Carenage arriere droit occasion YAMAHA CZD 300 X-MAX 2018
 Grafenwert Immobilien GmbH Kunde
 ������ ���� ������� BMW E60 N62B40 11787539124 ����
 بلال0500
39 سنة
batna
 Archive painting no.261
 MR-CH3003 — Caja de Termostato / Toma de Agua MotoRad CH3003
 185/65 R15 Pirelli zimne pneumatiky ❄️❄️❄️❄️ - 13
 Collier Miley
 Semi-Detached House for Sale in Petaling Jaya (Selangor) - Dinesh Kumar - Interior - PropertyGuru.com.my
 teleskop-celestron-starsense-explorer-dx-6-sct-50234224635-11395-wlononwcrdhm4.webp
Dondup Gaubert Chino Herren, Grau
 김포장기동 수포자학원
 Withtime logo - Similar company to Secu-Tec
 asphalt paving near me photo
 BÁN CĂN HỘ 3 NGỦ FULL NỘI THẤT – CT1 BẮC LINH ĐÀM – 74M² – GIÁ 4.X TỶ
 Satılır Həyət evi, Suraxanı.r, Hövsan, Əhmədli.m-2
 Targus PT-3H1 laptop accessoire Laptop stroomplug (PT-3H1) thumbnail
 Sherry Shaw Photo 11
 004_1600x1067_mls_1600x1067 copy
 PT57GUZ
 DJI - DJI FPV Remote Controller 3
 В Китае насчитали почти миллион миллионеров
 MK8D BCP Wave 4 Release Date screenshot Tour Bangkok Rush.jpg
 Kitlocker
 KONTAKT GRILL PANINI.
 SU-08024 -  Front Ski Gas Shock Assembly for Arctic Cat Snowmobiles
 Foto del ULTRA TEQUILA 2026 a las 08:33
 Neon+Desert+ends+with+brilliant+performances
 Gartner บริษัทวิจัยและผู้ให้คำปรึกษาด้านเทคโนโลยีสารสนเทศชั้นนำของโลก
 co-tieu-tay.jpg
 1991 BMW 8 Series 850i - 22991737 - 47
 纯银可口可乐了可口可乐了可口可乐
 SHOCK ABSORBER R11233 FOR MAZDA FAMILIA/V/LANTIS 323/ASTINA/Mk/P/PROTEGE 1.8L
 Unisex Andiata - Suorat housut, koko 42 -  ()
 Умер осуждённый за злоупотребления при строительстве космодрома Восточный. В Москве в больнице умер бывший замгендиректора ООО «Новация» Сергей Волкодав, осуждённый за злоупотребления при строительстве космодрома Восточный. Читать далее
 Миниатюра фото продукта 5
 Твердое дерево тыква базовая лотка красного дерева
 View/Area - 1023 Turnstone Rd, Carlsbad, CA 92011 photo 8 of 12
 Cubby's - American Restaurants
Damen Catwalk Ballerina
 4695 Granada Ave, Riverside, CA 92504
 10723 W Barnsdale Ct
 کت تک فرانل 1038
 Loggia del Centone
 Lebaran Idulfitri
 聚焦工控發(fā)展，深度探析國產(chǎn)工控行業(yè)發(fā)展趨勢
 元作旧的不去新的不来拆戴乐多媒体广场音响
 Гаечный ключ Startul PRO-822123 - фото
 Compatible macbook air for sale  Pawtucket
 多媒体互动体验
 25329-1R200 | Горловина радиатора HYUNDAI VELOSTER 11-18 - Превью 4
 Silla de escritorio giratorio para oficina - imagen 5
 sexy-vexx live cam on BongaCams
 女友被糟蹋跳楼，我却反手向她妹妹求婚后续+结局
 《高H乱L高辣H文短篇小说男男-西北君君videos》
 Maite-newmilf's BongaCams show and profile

● ● ● ● ●

* **Task to carry out**: Every line above from the line with "4695 Granada Ave, Riverside, CA 92504" to the line with "Silla de escritorio" is wanted, ends included; write them out exactly and add no other line.

* **Result of the exercise**:
 4695 Granada Ave, Riverside, CA 92504
 10723 W Barnsdale Ct
 کت تک فرانل 1038
 Loggia del Centone
 Lebaran Idulfitri
 聚焦工控發(fā)展，深度探析國產(chǎn)工控行業(yè)發(fā)展趨勢
 元作旧的不去新的不来拆戴乐多媒体广场音响
 Гаечный ключ Startul PRO-822123 - фото
 Compatible macbook air for sale  Pawtucket
 多媒体互动体验
 25329-1R200 | Горловина радиатора HYUNDAI VELOSTER 11-18 - Превью 4
 Silla de escritorio giratorio para oficina - imagen 5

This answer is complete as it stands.